XV. Assai peggiori delle istituzioni civili erano le militari. Si usavano per levar soldati tutti i modi illegittimi: i gaggi, la seduzione, la scelta de' condannati o de' prigionieri, la presa de' vagabondi, l'arbitrario comando de' baroni; il solo mezzo giusto della sorte non era usato. I pessimi delle città erano quindi eletti al più nobile uffizio dei cittadini, e si mandavano per guerre lontane in Italia, o più sovente in Ispagna, dove con abito spagnuolo, sotto non propria insegna, per nome e gloria d'altri combattevano. Napoli intorpidiva in servitù scioperata, i Napoletani stavano in guerra continua ed ingloriosa. Non erano nell'interno ordini di milizia; milizie straniere guardavano il paese, e le nostre in terra straniera obbedivano alle non proprie ordinanze: le arti di guerra imparate altrove non erano utili a noi; e 'l sangue e i sudori delle nostre genti non facevano la gloria nostra. Così che mancavano ordini, usi, esercizi, tradizione, fama, sentimento di milizia: e questo nome onorevole negli altri Stati era per Napoli doloroso ed abborrito.

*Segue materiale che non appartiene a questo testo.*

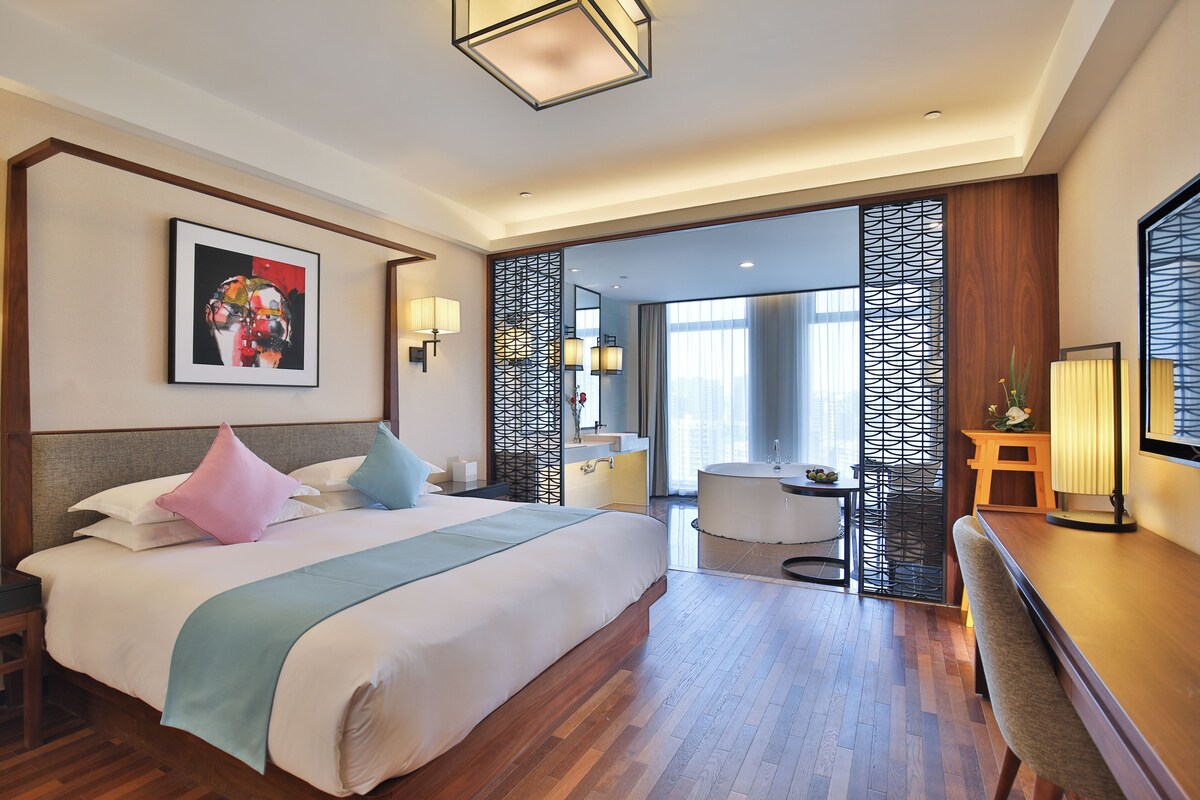 A hotel room with a large bed, a desk, a chair, a bathroom with a bathtub, and a view of the city.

XVI. La stessa feudalità era caduta di onore. Lo dirò in miglior luogo come ella venne a noi, quanto crebbe; come per le consuetudini feudali e le costituzioni de' principi disposte in libro, la servitù de' vassalli si legittimò; quali furono le venture della feudalità ne' regni angioini e svevi, e quanta la superbia di lei contro i re aragonesi: qui basta rammentare che precipitò di tanta altezza nel governo de' vicerè; né già per leggi o studio di abbassarla, ma per propria corruzione e per esiziale natura di que' governi. I baroni, non più guerrieri né sostegni o pericolo de' loro re, non curanti le opere ammirate di generosa nobiltà, oziosi e prepotenti ne' castelli, si godevano tirannide sopra vassalli avviliti. E i vicerè vendevano feudi, titoli, preminenze; innalzavano al baronaggio i plebei purché ricchi; involgavano la dignità feudale. Perciò, all'arrivo del re Carlo Borbone, i feudatari, potenti quanto innanzi per leggi, erano per sé stessi, vili, corrotti, odiati e temuti: non come si temono le grandezze, ma le malvagità.

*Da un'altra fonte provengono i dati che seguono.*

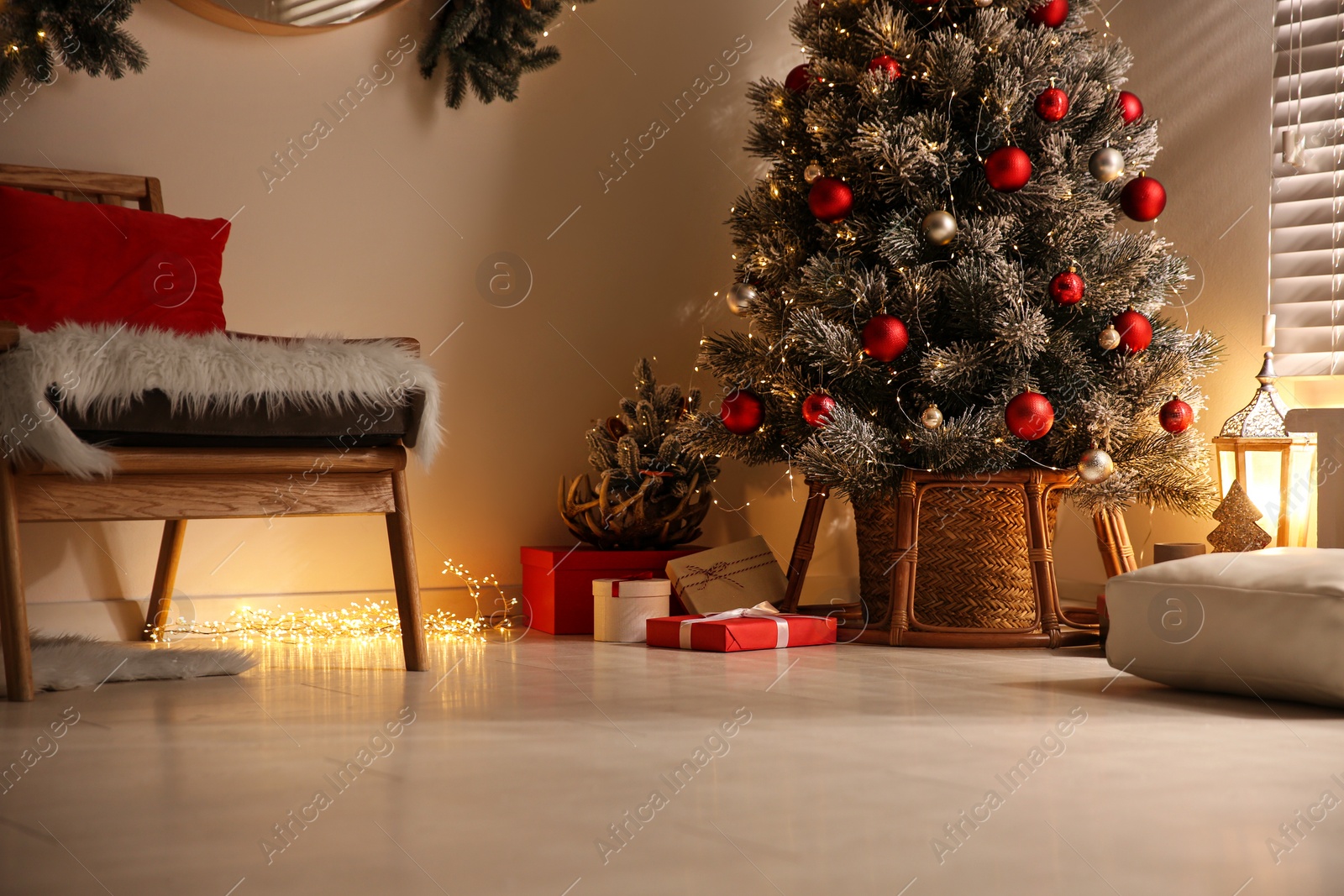 Photo of Beautiful decorated Christmas tree in festive room interior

XVII. Rimane a dire della Chiesa. Chi scrivesse con verità ed ampiezza le vite ed opere de' pontefici, distenderebbe la storia civile dell'Italia; tanto si legano al pontificato le guerre, le paci, gli sconvolgimenti e mutamenti di Stato, la civiltà rattenuta o retrospinta. E, per dir solamente del nostro regno, le brighe de' pontefici arrestarono, poi spensero, il bene civile che faceva la stirpe sveva: i pontefici doppiarono i mali della stirpe angioina: i pontefici alimentarono le guerre domestiche sotto i re aragonesi. Niccolò III congiurò nel vespro siciliano: Innocenzo VIII concertava la ribellione e la guerra baronale contro Ferdinando ed Alfonso: Alessandro VI non disdegnava di praticare con Bajazet, imperatore dei Turchi, per dar travagli ai regni cristiani delle Sicilie: i pontefici, nel lungo corso del viceregno, concitavano a discordia ora i reggitori ora i soggetti, come giovasse meglio alle pretensioni sterminate della Chiesa.

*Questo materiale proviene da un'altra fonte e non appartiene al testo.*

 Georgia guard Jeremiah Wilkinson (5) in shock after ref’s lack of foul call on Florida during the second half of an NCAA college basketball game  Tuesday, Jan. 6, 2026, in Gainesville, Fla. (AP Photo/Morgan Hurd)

E poiché natura delle cose o provvedimento divino è il precipitare ai mali che ad altri si arrecano, furono que' pontefici, quanto più malevoli, tanto più tribolati ed infelici. Grandi sventure tollerò il papato in que' secoli: appena ristoravasi dalle divisioni e scandali dello scisma, che seguirono le dottrine di Lutero e la riforma; le guerre infelici, la prigionia di Clemente VII, gli atti del concilio di Trento non in tutto accettati dai re cristiani; la bolla di Coena Domini rifiutata, la così detta monarchia di Sicilia rinvigorita, le rivoluzioni di Napoli per la inquisizione, il discacciamento de' nunzi, l'abolizione della nunziaturà: ed in breve la scoperta ribellione delle podestà civili e delle opinioni all'imperio della Chiesa.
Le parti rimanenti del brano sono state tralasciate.